Sukses mengembangkan koperasi wanita (kopwan), kini Pemerintah Provinsi Jawa Timur akan menggandeng Gerakan Pemuda Ansor Jatim untuk mengembangkan koperasi rakyat. Langkah ini sebagai upaya mengakomodasi kesulitan permodalan masyarakat dari kalangan Nahdliyin
Kepastian ini seperti disampaikan Gubernur Jawa Timur Soekarwo saat dihadapatan peserta Rakerwil Ansor ke-3 di Sidoarjo Sabtu (23/2) lalu. Soekarwo beralasan, dengan menggandeng organisasi pemuda Ansor, maka akar permasalahan dari masyarakat Nahdliyin bisa dipetakan. “Masyarakat kita terkadang tidak mengetahui apa yang menjadi masalahnya. Bahkan apa yang kita lihat sebagai masalah, belum tentu menjadi masalah bagi mereka. Karena itu, Ansor harus terjun ke bawah untuk mendampingi masyarakat ini,” kata Soekarwo.
Pendampingan ini menurut Soekarwo diharapkan fokus pada peningkatan ekonomi rakyat. Karena ekonomi merupakan “darahnya” pembangunan. Sehingga, lanjut Soekarwo, semua program pembangunan yang dilakukan pemerintah akan sia-sia jika perekonomian masyarakatnya tidak ikut membaik.
Sementara itu, dikonfirmasi terkait teknis kerjasama antara Ansor dan Pemprov Jatim ini, Ketua GP Ansor Jatim Alfa Isnaini, Rabu (27/2) mengatakan, keluarga besar NU terutama Ansor membuka pintu lebar terkait tawaran tersebut. Sebagai tindak lanjut dari realisasi kerjasama ini, GP Ansor telah menyiapkan 37 titik pengembangan koperasi rakyat di 37 kabupaten/kota. Dari ke-37 titik ini, Lanjut Alfa, yang sudah status badan hukum baru sekitar 23 titik. “Dan kita targetkan tahun ini sudah bisa beroperasi,” tandasnya.
Untuk teknis operasional, menurut Alfa sepenuhnya akan ditangani pengurus cabang Ansor di masing-masing kota.
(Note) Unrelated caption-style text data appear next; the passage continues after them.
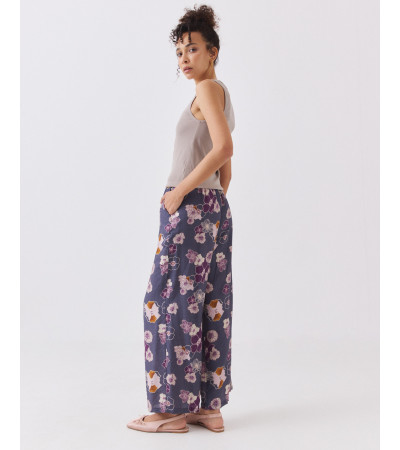 Pantalón Fluido con Estampado Floral | MULAYA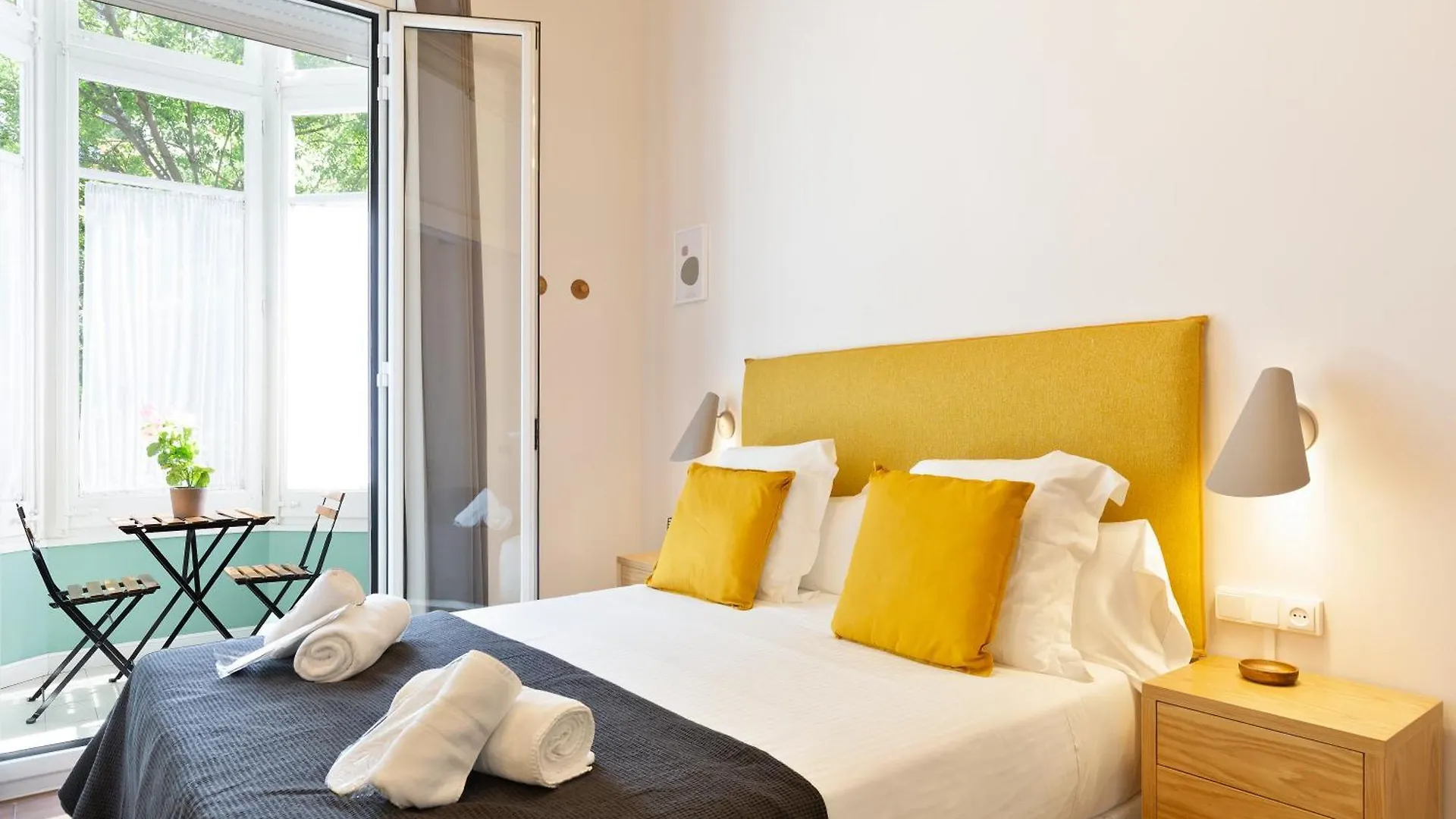 Bailen Apartments By Central Barcelona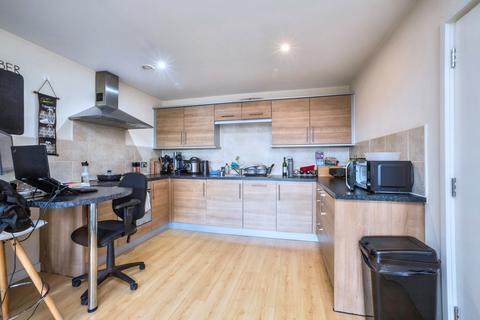 2 bedroom flat for sale, Waterside Way, Wakefield WF1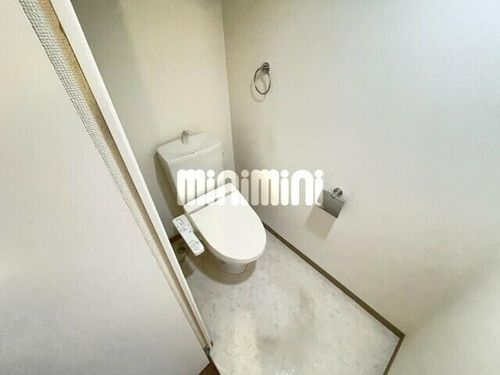 八幡マンションの内装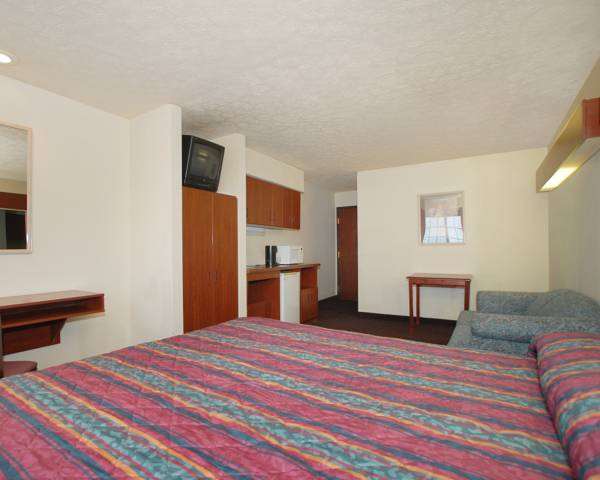 Knights Inn & Suites St Clairesville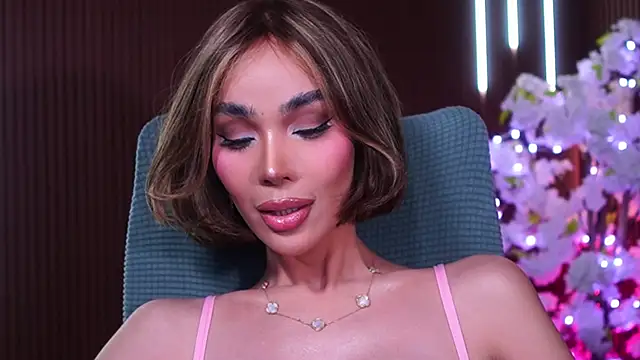 xxforyoureyesonlyxx webcam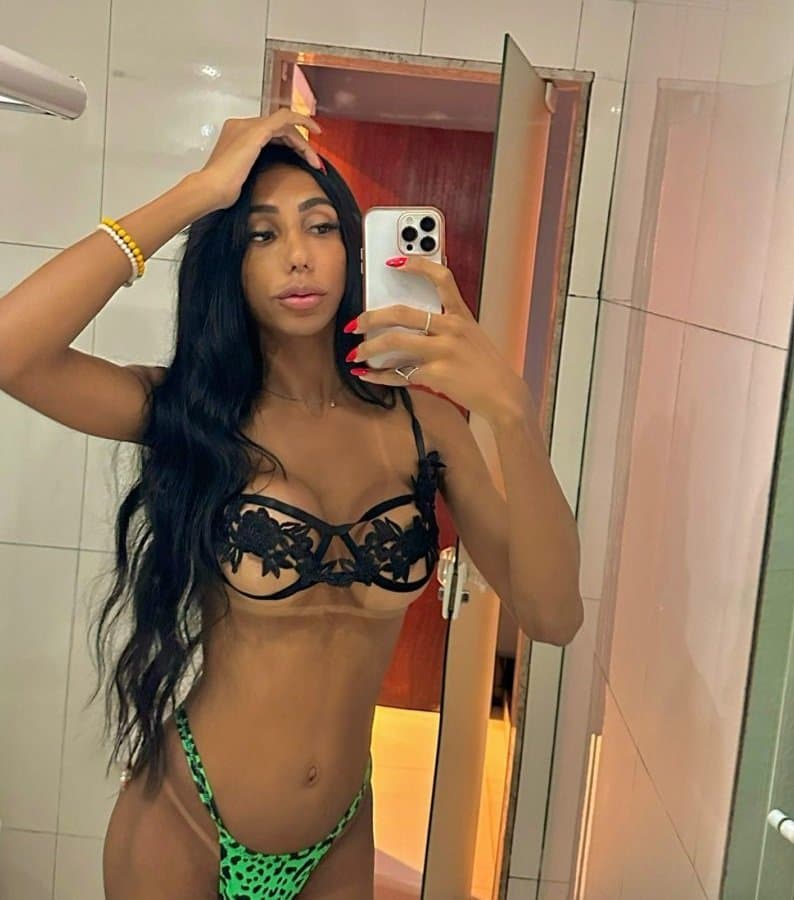 Huge Cock Shemale Ebony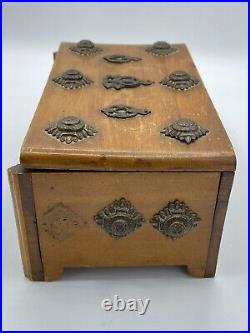 WW2 British Royal Eletrical Mechanical Engineers Trench Art Jewellery Box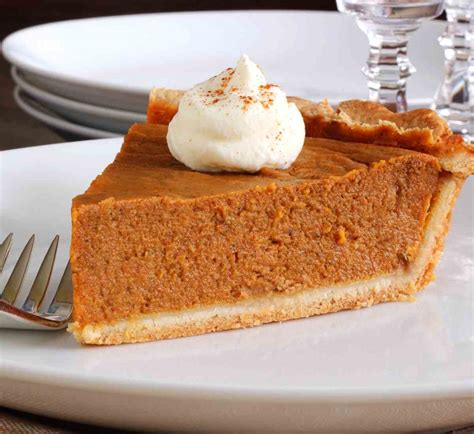 Simple Vegan Pumpkin Pie - RecipeMagik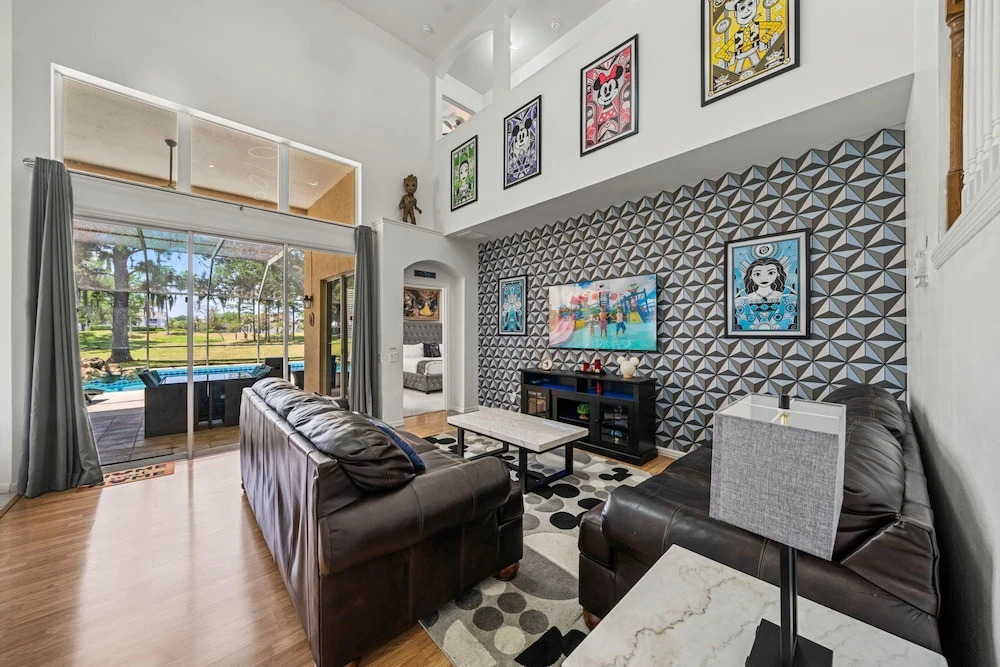 8213 Fan Palm Way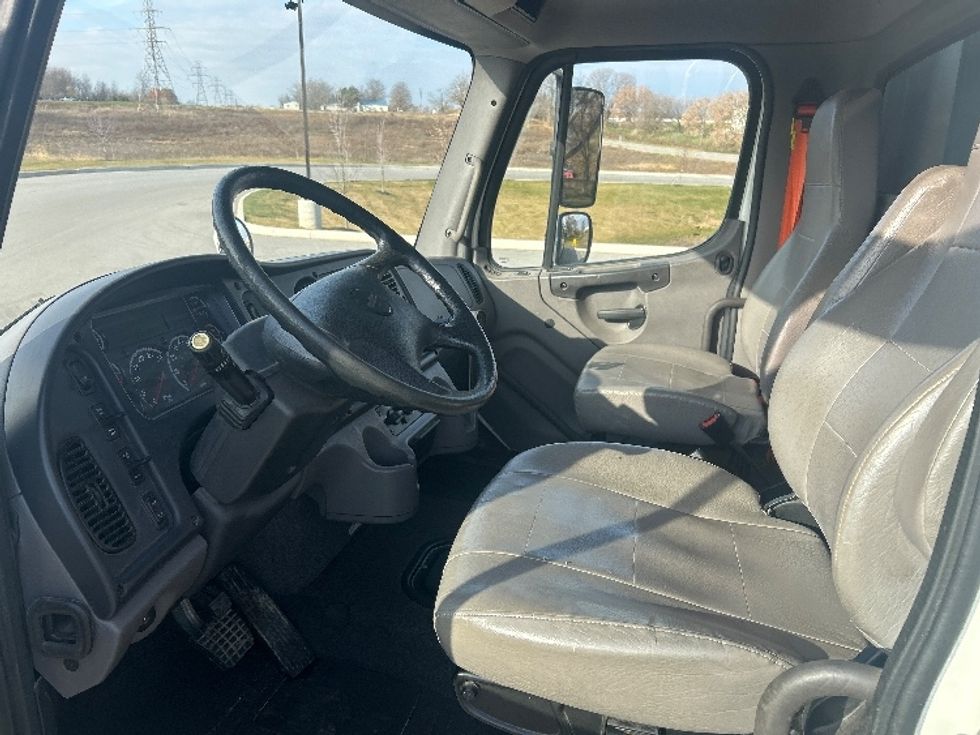 Flatbed Truck-Light and Medium Duty Trucks-Freightliner-2020-M2-Byron Center-MI-111,133\n\t\tmiles-$ 51,250 - Image 15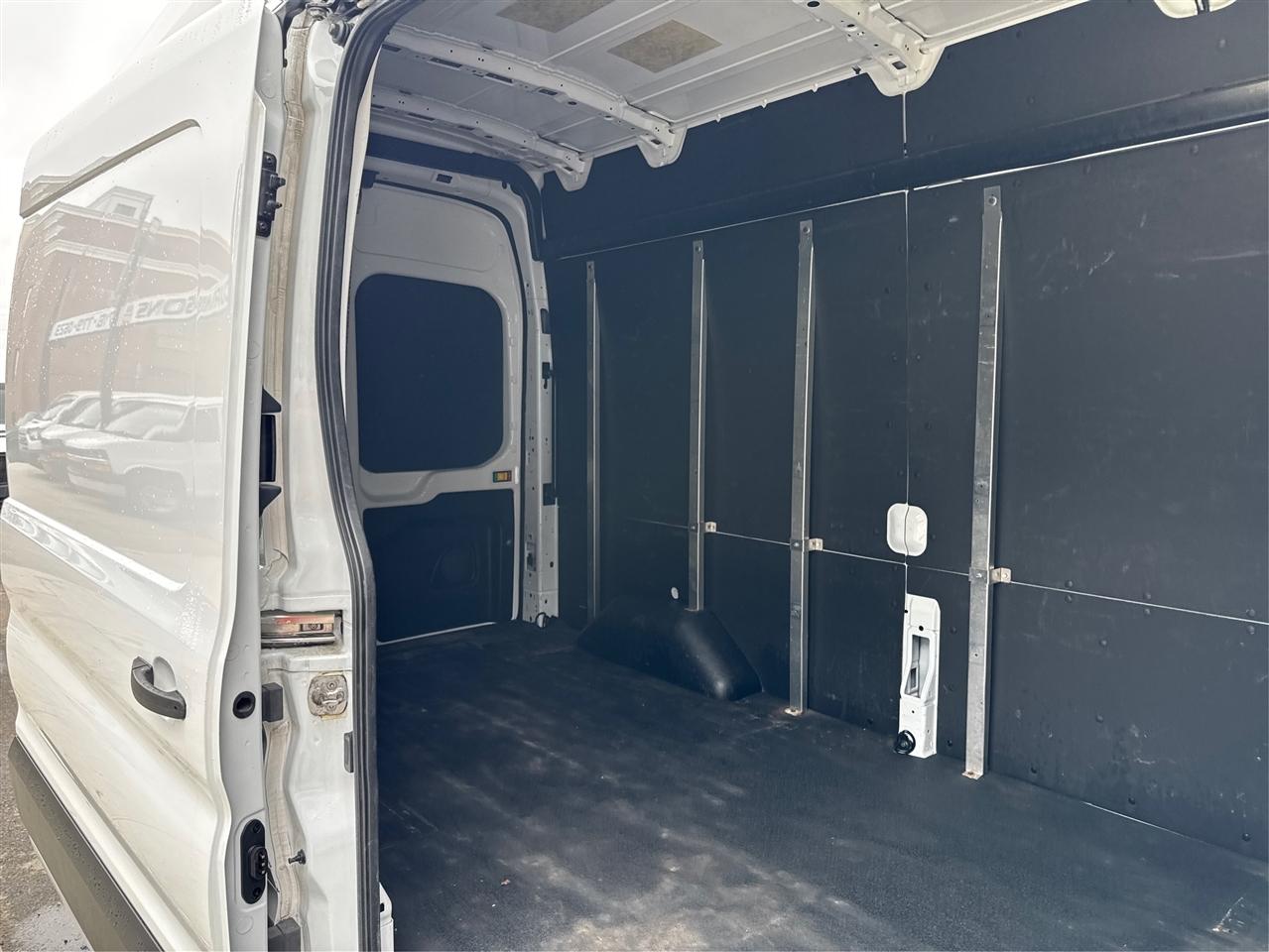 Ford Transit Cargo Van T-250 148" Hi Rf 9070 GVWR RWD 2021
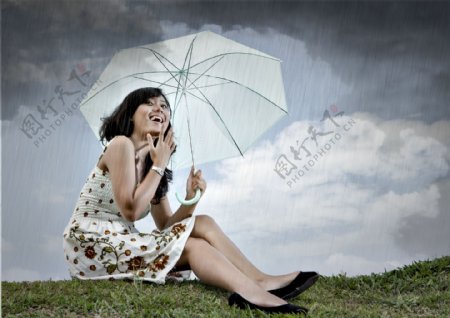 下雨天打伞的女孩图片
Sedangkan Pemprov Jatim akan membantu dalam permodalan koperasi. Terkait penentuan koperasi apa yang dipilih, Alfa sepenuhnya menyerahkan kepada masing-masing pengurus cabang.
Tetapi yang terpenting, kata Alfa, GP Ansor saat ini sedang menggodok mekanisme penentuan konsep koperasi syariah. Karena keberadaan syariah saat ini tidak ubahnya seperti bank konvensional yang menentukan buka cukup tinggi. “Menurut Pak Gubernur, kalau Syariah ya jangan menerapkan bunga flat 6 bulan. itu menyalahi aturan bank,” pungkasnya.